Cardiolipin Remodeling Defects Impair Mitochondrial Architecture and Function in a Murine Model of Barth Syndrome Cardiomyopathy

Circ Heart Fail. 2021 Jun;14(6):e008289. doi: 10.1161/CIRCHEARTFAILURE.121.008289. Epub 2021 Jun 15.


Background: Cardiomyopathy is a major clinical feature in Barth syndrome (BTHS), an X-linked mitochondrial lipid disorder caused by mutations in Tafazzin (TAZ), encoding a mitochondrial acyltransferase required for cardiolipin remodeling. Despite recent description of a mouse model of BTHS cardiomyopathy, an in-depth analysis of specific lipid abnormalities and mitochondrial form and function in an in vivo BTHS cardiomyopathy model is lacking.

Methods: We performed in-depth assessment of cardiac function, cardiolipin species profiles, and mitochondrial structure and function in our newly generated Taz cardiomyocyte-specific knockout mice and Cre-negative control mice (n≥3 per group).
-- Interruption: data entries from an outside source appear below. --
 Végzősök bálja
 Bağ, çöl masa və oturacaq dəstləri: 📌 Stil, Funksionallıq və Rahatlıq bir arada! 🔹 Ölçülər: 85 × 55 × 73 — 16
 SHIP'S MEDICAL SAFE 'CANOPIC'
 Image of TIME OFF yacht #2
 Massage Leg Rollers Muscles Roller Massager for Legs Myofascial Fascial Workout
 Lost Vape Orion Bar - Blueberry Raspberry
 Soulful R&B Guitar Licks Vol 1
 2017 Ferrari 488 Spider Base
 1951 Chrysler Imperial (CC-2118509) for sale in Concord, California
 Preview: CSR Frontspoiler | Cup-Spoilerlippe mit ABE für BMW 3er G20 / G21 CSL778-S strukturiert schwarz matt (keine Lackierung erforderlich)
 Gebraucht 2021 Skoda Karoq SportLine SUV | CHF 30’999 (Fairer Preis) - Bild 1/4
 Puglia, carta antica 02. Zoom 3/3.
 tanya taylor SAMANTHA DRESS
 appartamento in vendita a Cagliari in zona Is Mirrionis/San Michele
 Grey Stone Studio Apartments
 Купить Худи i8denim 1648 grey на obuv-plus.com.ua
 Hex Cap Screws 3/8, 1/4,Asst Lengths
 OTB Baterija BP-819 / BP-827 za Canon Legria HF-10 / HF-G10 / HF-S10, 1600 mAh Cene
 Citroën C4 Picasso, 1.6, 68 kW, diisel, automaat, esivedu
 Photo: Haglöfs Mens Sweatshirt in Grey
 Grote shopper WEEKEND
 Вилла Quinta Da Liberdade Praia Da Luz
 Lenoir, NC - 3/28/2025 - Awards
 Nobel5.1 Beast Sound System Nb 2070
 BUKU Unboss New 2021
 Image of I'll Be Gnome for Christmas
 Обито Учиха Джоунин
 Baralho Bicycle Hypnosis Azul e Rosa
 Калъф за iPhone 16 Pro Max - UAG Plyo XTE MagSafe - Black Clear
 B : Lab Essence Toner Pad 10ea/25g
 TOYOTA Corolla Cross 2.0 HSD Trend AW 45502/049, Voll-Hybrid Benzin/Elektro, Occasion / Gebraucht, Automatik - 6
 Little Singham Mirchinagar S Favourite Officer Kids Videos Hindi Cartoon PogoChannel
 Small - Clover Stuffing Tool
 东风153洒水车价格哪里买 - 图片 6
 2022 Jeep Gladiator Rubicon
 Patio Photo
Results: Taz cardiomyocyte-specific knockout mice recapitulate typical features of BTHS and mitochondrial cardiomyopathy. Fewer than 5% of cardiomyocyte-specific knockout mice exhibited lethality before 2 months of age, with significantly enlarged hearts. More than 80% of cardiomyocyte-specific knockout displayed ventricular dilation at 16 weeks of age and survived until 50 weeks of age. Full parameter analysis of cardiac cardiolipin profiles demonstrated lower total cardiolipin concentration, abnormal cardiolipin fatty acyl composition, and elevated monolysocardiolipin to cardiolipin ratios in Taz cardiomyocyte-specific knockout, relative to controls. Mitochondrial contact site and cristae organizing system and F1F0-ATP synthase complexes, required for cristae morphogenesis, were abnormal, resulting in onion-shaped mitochondria. Organization of high molecular weight respiratory chain supercomplexes was also impaired. In keeping with observed mitochondrial abnormalities, seahorse experiments demonstrated impaired mitochondrial respiration capacity.

Conclusions: Our mouse model mirrors multiple physiological and biochemical aspects of BTHS cardiomyopathy. Our results give important insights into the underlying cause of BTHS cardiomyopathy and provide a framework for testing therapeutic approaches to BTHS cardiomyopathy, or other mitochondrial-related cardiomyopathies.

Keywords: Barth syndrome; cardiolipin; cardiomyopathy; mice; mitochondria.